- [TASK ITEM]: Present the data once more in exactly its original form.

- [SUPPLIED MATERIAL]:
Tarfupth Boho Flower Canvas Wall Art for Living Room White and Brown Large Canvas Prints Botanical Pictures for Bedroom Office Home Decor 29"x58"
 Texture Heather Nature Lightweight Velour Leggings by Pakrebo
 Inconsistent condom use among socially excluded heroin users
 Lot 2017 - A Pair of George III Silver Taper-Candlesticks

- [SOLUTION FOR THIS TASK]:
Tarfupth Boho Flower Canvas Wall Art for Living Room White and Brown Large Canvas Prints Botanical Pictures for Bedroom Office Home Decor 29"x58"
 Texture Heather Nature Lightweight Velour Leggings by Pakrebo
 Inconsistent condom use among socially excluded heroin users
 Lot 2017 - A Pair of George III Silver Taper-Candlesticks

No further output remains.